◆ Recorded data ◆
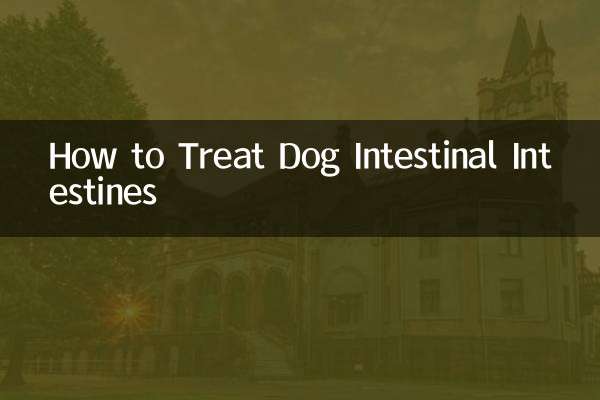 Wie man den Darm eines Hundes behandelt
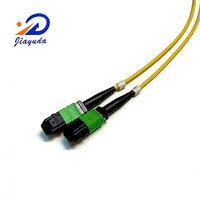 Heavy Duty 24 Fiber 2x MPO-MPO SM G.657A2 G.657A1 G.652D Telco Grade Low Loss Backbone Trunk Cable for 400G 800G Data Center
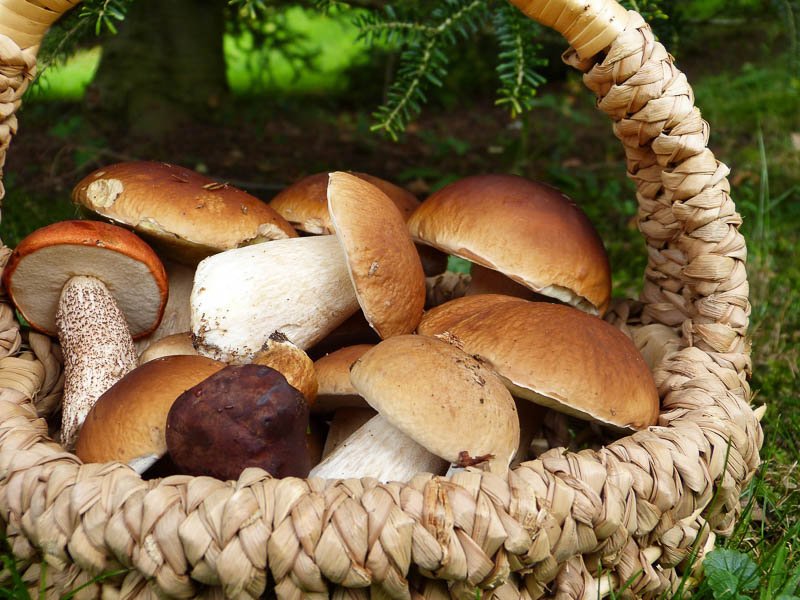 Superfood_Schwammerl im Korb ein Korb im freien voller frisch gesammelter Pilze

◆ Exercise directions ◆
In full and without any pictures, print the listing above exactly.

◆ Written reply ◆
 Wie man den Darm eines Hundes behandelt
 Heavy Duty 24 Fiber 2x MPO-MPO SM G.657A2 G.657A1 G.652D Telco Grade Low Loss Backbone Trunk Cable for 400G 800G Data Center
 Superfood_Schwammerl im Korb ein Korb im freien voller frisch gesammelter Pilze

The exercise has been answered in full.